Infection-resistant Catheter Plan Wins Y-Prize

Infection-resistant Catheter Plan Wins Y-Prize

The winning team of four undergraduates wants to reinvent the catheter using a special wrinkle printing technology created at Penn Engineering

The winners, from left: Ishir Seth, Tanvi Kapur, Beatriz Go, WenTao Zhang. (Photo: Michelle Eckert)

By Gwyneth K. Shaw

A plan for a new, improved catheter designed to stop costly — and deadly — infections at the source is the winner of this year’s $10,000 Y-Prize, awarded Jan. 28 to four Penn undergraduates. The team beat out three other finalists at the event.

The students are Tanvi Kapur and Beatriz Go, both seniors at the Wharton School, and junior Ishir Seth and senior WenTao Zhang, in the Roy and Diana Vagelos Program in Life Science Management, a dual-degree program through the Wharton School and the College of Arts & Sciences.

Their company, Nosoco Technologies, gets the money and is also entered into the semi-final round of the Penn Startup Challenge later this year if the project meets that competition’s guidelines.

The Nosoco team, which came together at a table outside Wharton’s Huntsman Hall, had a personal reason for tackling the catheter problem, Kapur says: Zhang’s grandfather died from complications of a catheter-related infection.

“This is a huge problem in hospitals,” she says.

The Y-Prize is a collaboration between Penn Engineering, Wharton’s William and Phyllis Mack Institute for Innovation Management, Penn Wharton Entrepreneurship, and the Penn Center for Innovation.
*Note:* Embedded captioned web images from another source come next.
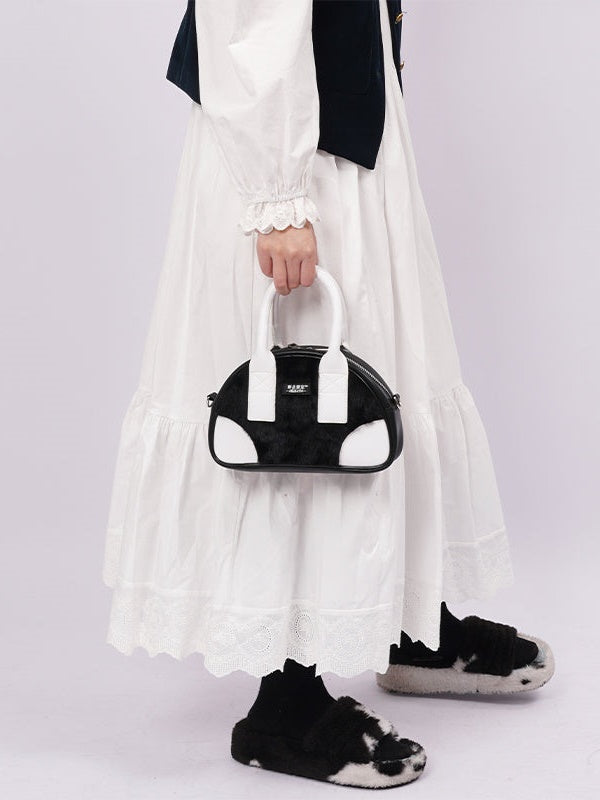 Halbkreis -Pelzbeutel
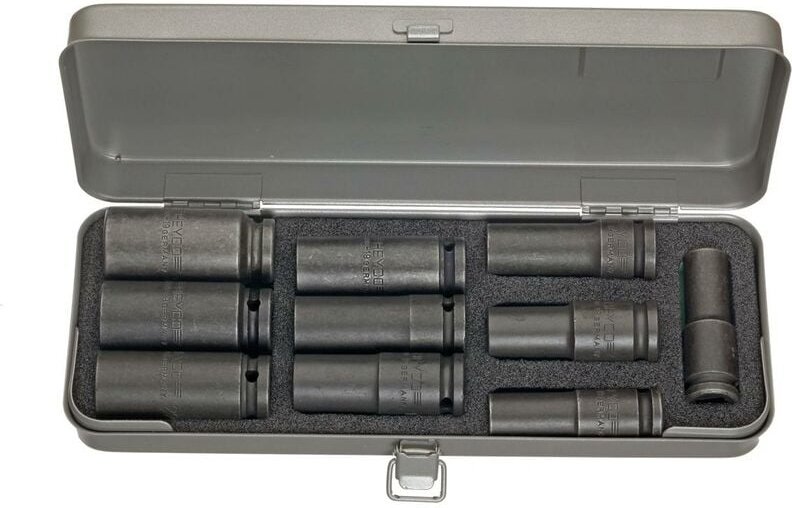 6300-19-M impact- Steckschlüssel Garnitur, 10-tlg., 1/2'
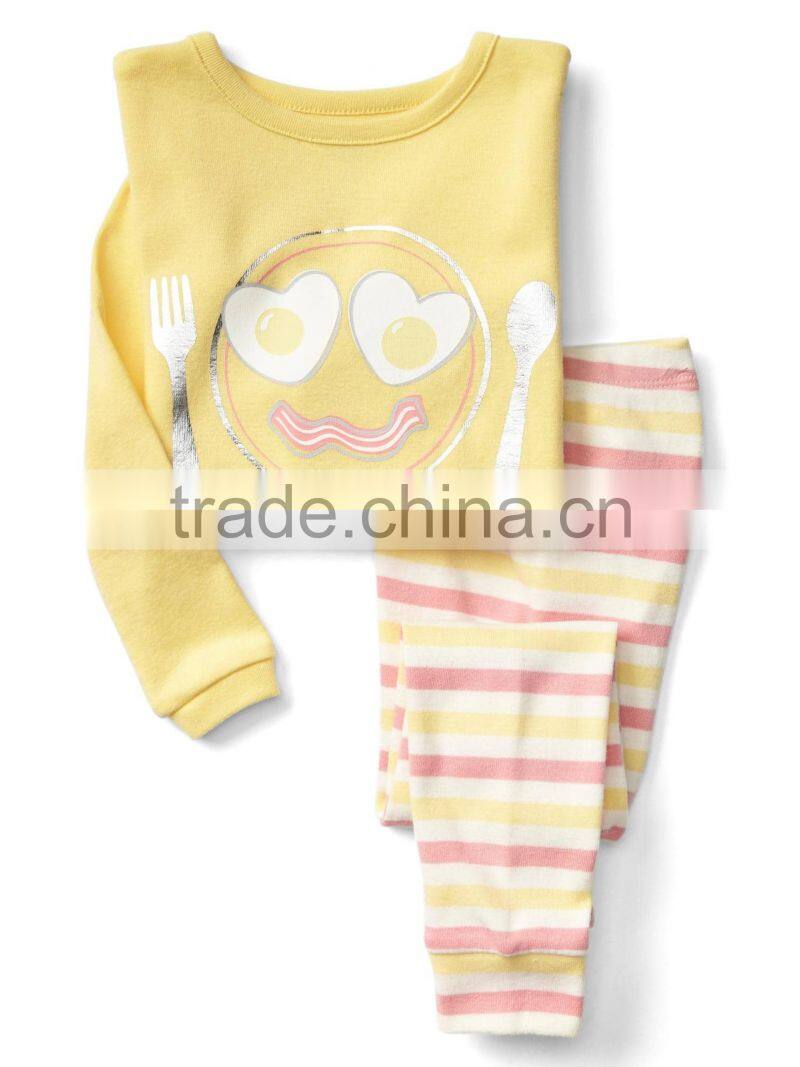 Dinosaurs printed kids pajamas set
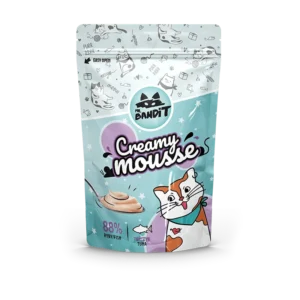 Ласощі Mr. Bandit вершковий мус з лососем для котів, 60 г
Applicants submit a video pitch explaining their idea, why it’s needed, and how they plan to make it happen.

Contestants had a choice this year between two Penn-grown technologies: roll-to-roll surface wrinkle printing and embodied logic. All four finalists chose the printing technology, which was invented by School of Engineering and Applied Science professors Daeyeon Lee and Kathleen Stebe, of the Department of Chemical and Biomolecular Engineering, Shu Yang, of the Department of Materials Science and Engineering, and Xu Zhang, a postdoc who works with them.